▶ Recorded information
▬▬▬▬▬▬
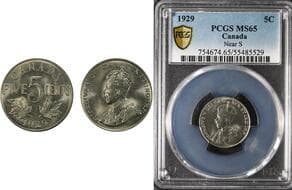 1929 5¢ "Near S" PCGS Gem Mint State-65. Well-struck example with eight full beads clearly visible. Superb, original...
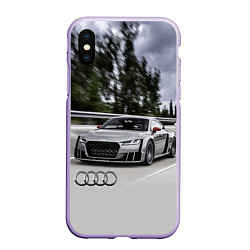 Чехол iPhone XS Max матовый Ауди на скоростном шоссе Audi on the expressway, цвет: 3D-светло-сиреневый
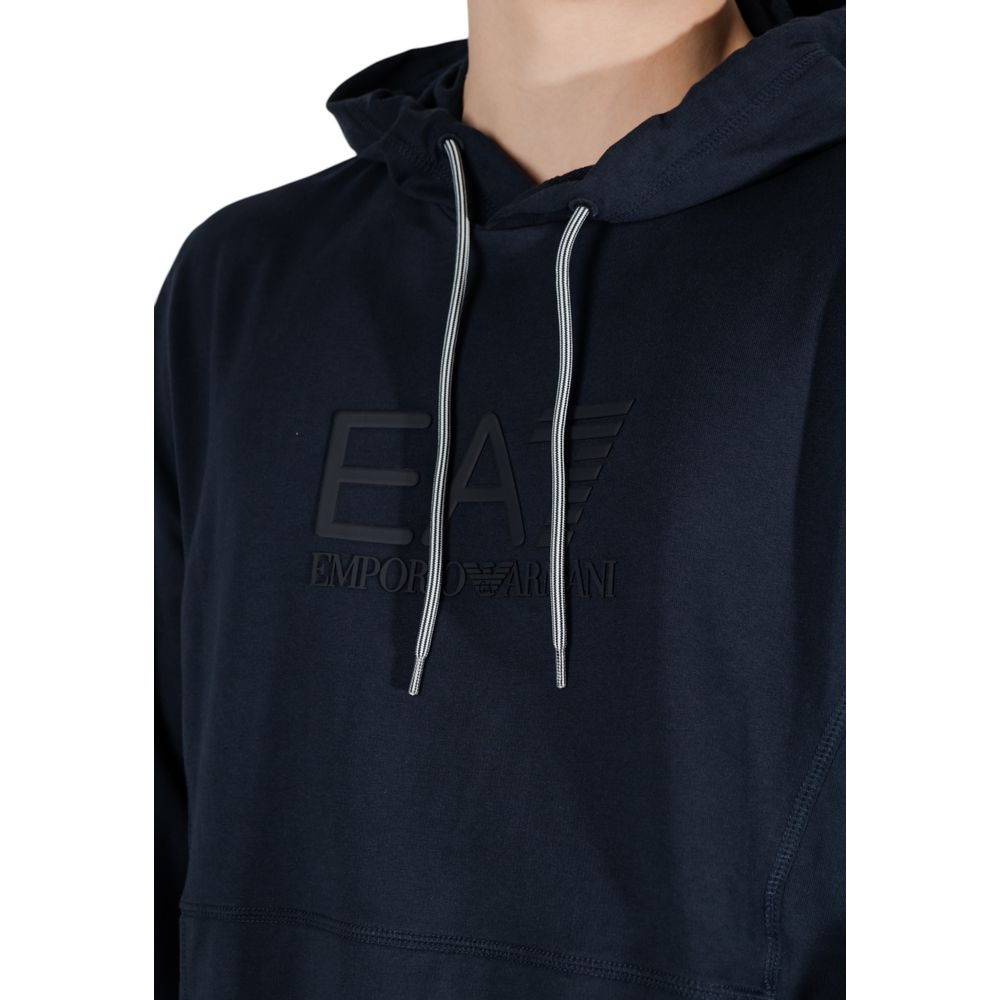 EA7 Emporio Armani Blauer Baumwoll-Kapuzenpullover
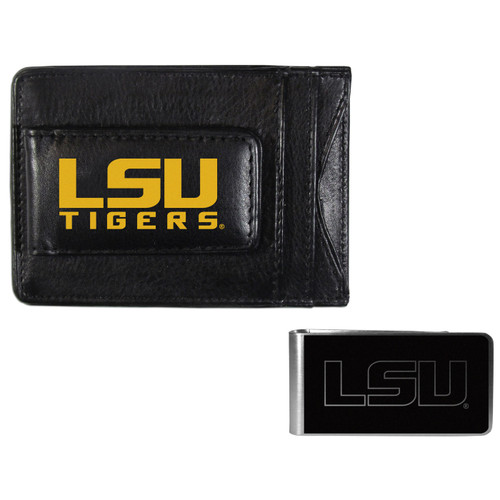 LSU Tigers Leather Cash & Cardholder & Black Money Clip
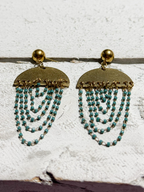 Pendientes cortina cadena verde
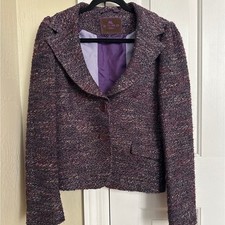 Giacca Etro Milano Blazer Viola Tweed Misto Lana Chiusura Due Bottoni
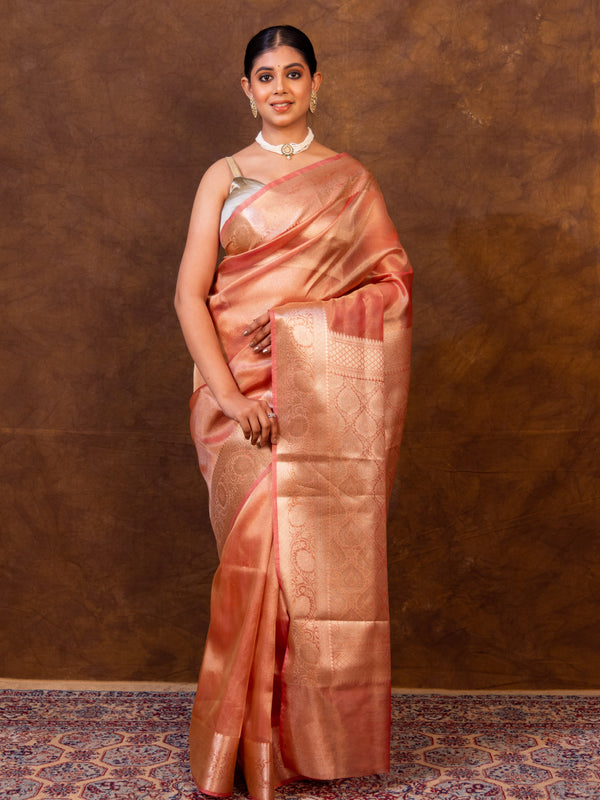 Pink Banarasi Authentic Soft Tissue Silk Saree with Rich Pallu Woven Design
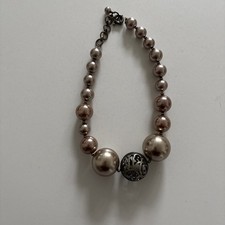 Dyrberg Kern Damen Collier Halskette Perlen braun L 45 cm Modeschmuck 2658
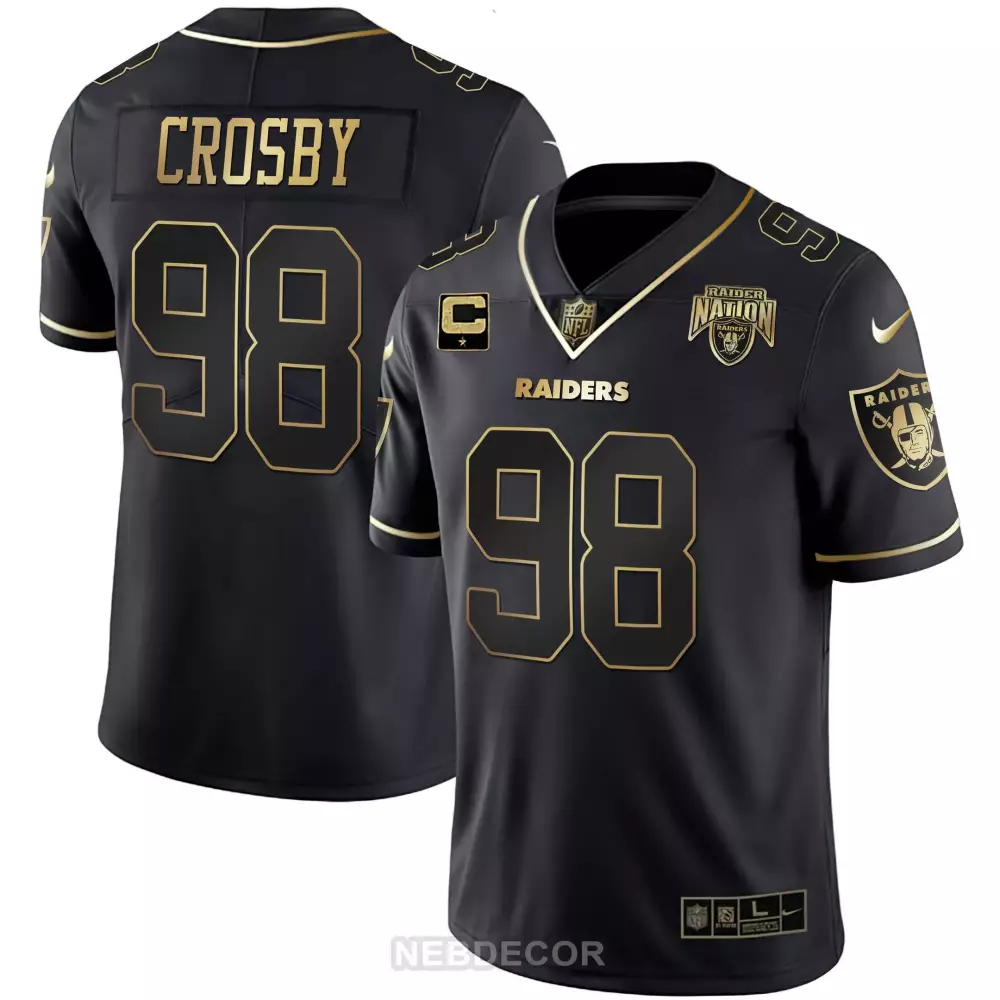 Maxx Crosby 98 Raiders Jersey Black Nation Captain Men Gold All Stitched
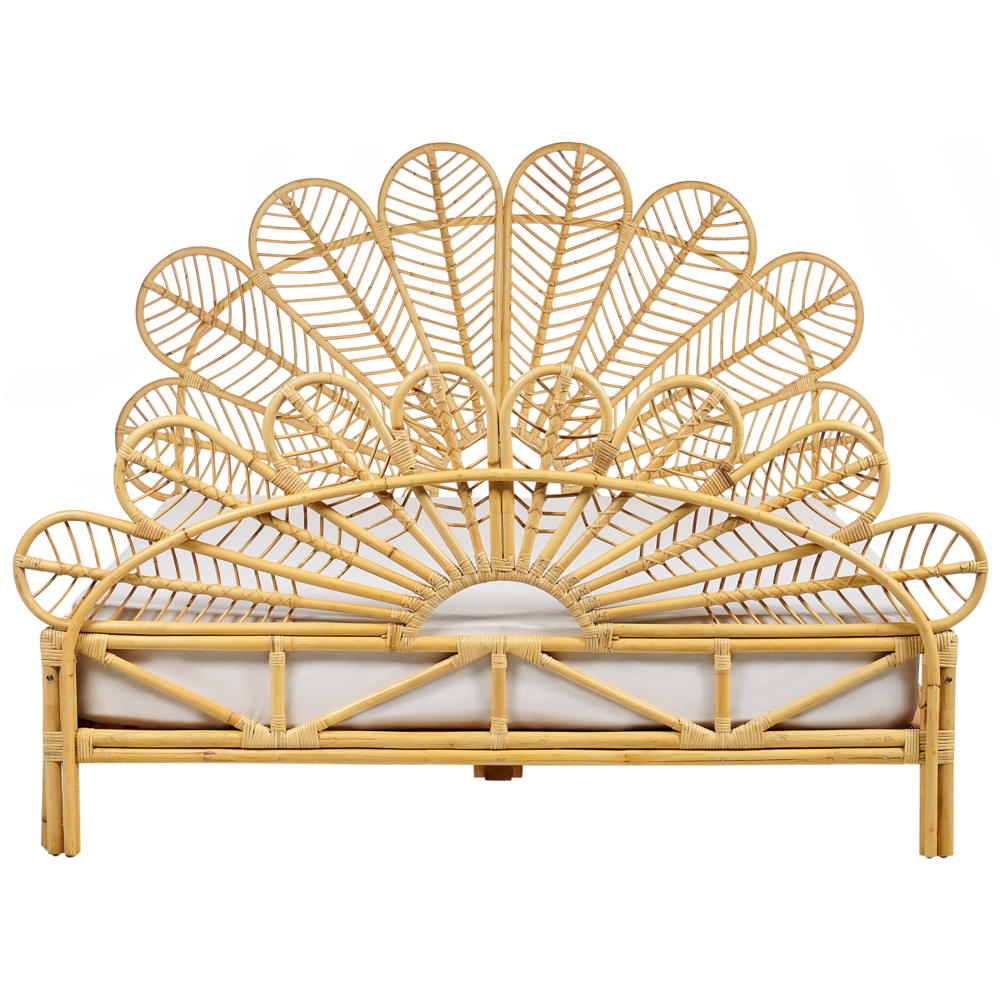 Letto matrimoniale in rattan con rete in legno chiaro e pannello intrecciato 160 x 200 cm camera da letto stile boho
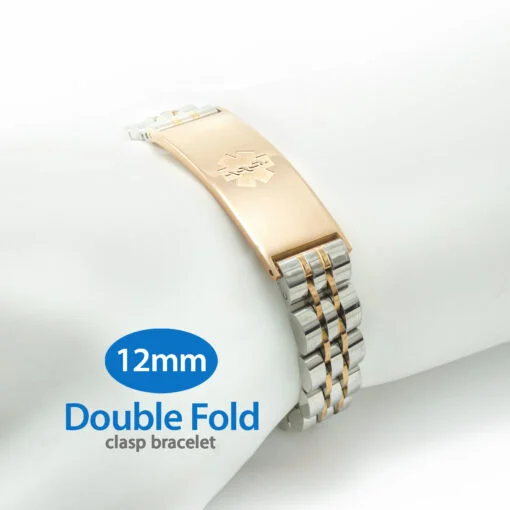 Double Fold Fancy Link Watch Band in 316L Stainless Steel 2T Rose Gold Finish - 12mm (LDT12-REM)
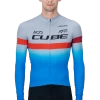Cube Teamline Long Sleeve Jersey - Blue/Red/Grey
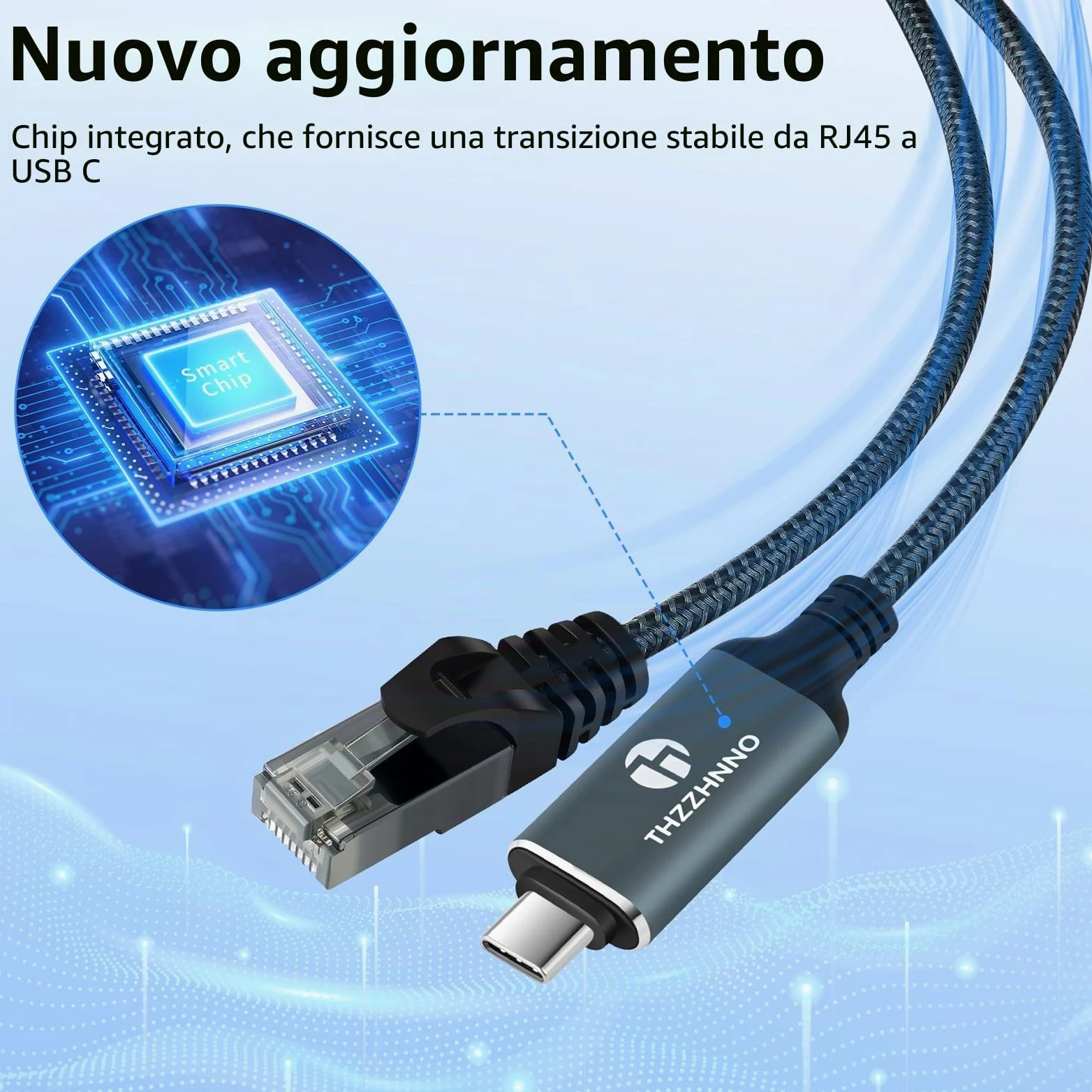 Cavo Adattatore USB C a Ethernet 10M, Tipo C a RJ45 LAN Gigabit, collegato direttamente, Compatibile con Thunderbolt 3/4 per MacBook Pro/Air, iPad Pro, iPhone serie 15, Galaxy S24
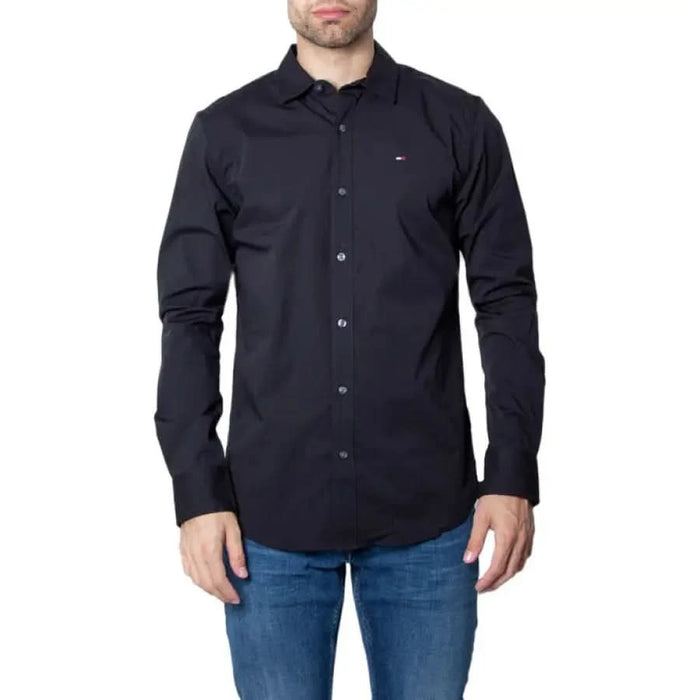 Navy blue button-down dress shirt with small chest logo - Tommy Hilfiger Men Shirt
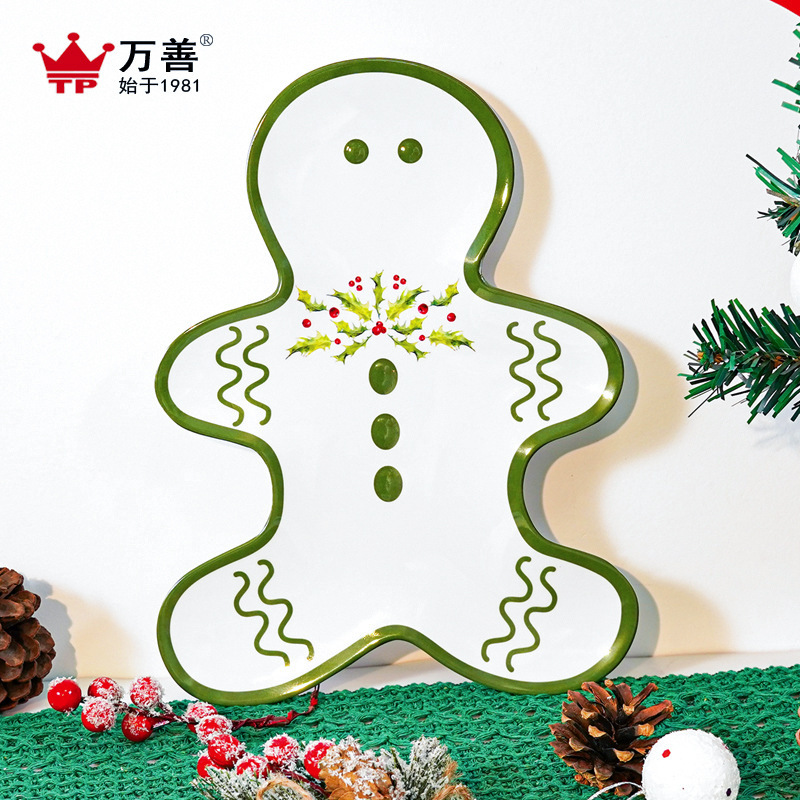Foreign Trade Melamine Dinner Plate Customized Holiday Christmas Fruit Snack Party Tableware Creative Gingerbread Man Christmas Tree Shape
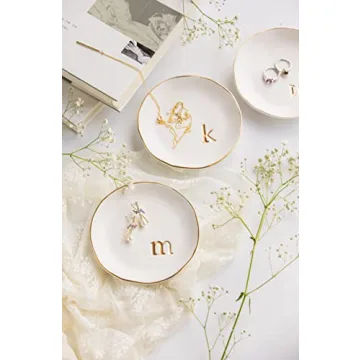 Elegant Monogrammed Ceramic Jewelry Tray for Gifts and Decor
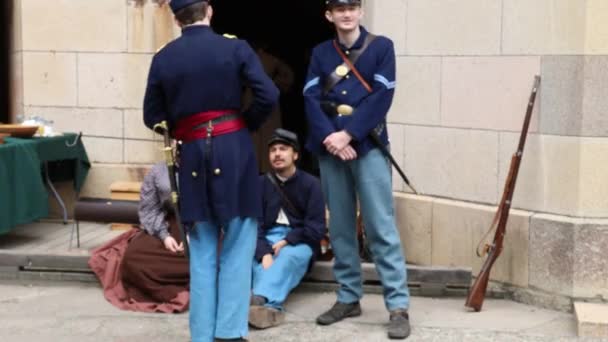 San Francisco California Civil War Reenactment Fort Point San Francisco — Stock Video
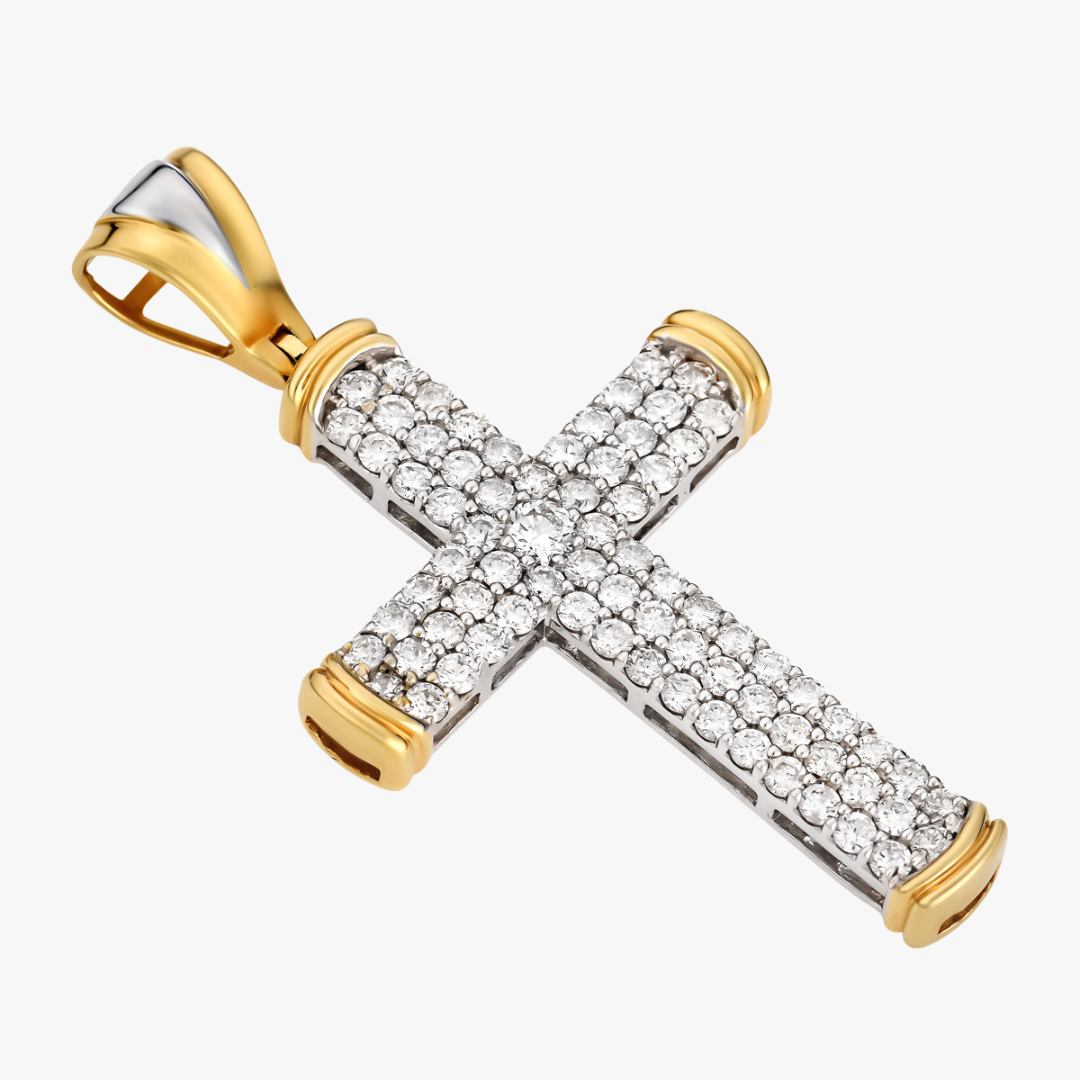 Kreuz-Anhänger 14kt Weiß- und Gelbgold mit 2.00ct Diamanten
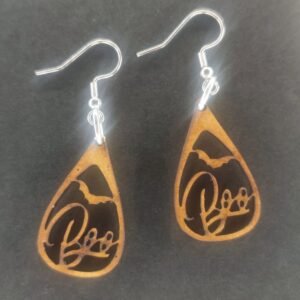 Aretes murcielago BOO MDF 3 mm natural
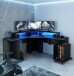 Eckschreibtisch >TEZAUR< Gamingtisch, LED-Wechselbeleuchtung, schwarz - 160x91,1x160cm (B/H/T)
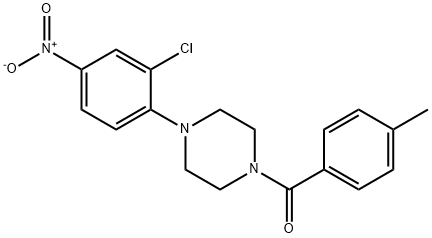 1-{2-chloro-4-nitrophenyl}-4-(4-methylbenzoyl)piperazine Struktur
▬▬▬▬▬▬
▶ What is required
Each entry gets copied exactly; the pictures stay out.

▶ Expected answer
 1929 5¢ "Near S" PCGS Gem Mint State-65. Well-struck example with eight full beads clearly visible. Superb, original...
 Чехол iPhone XS Max матовый Ауди на скоростном шоссе Audi on the expressway, цвет: 3D-светло-сиреневый
 EA7 Emporio Armani Blauer Baumwoll-Kapuzenpullover
 LSU Tigers Leather Cash & Cardholder & Black Money Clip
 Pendientes cortina cadena verde
 Giacca Etro Milano Blazer Viola Tweed Misto Lana Chiusura Due Bottoni
 Pink Banarasi Authentic Soft Tissue Silk Saree with Rich Pallu Woven Design
 Dyrberg Kern Damen Collier Halskette Perlen braun L 45 cm Modeschmuck 2658
 Maxx Crosby 98 Raiders Jersey Black Nation Captain Men Gold All Stitched
 Letto matrimoniale in rattan con rete in legno chiaro e pannello intrecciato 160 x 200 cm camera da letto stile boho
 Double Fold Fancy Link Watch Band in 316L Stainless Steel 2T Rose Gold Finish - 12mm (LDT12-REM)
Cube Teamline Long Sleeve Jersey - Blue/Red/Grey
 Cavo Adattatore USB C a Ethernet 10M, Tipo C a RJ45 LAN Gigabit, collegato direttamente, Compatibile con Thunderbolt 3/4 per MacBook Pro/Air, iPad Pro, iPhone serie 15, Galaxy S24
 Navy blue button-down dress shirt with small chest logo - Tommy Hilfiger Men Shirt
Foreign Trade Melamine Dinner Plate Customized Holiday Christmas Fruit Snack Party Tableware Creative Gingerbread Man Christmas Tree Shape
 Elegant Monogrammed Ceramic Jewelry Tray for Gifts and Decor
 San Francisco California Civil War Reenactment Fort Point San Francisco — Stock Video
 Kreuz-Anhänger 14kt Weiß- und Gelbgold mit 2.00ct Diamanten
 Aretes murcielago BOO MDF 3 mm natural
 Eckschreibtisch >TEZAUR< Gamingtisch, LED-Wechselbeleuchtung, schwarz - 160x91,1x160cm (B/H/T)
 1-{2-chloro-4-nitrophenyl}-4-(4-methylbenzoyl)piperazine Struktur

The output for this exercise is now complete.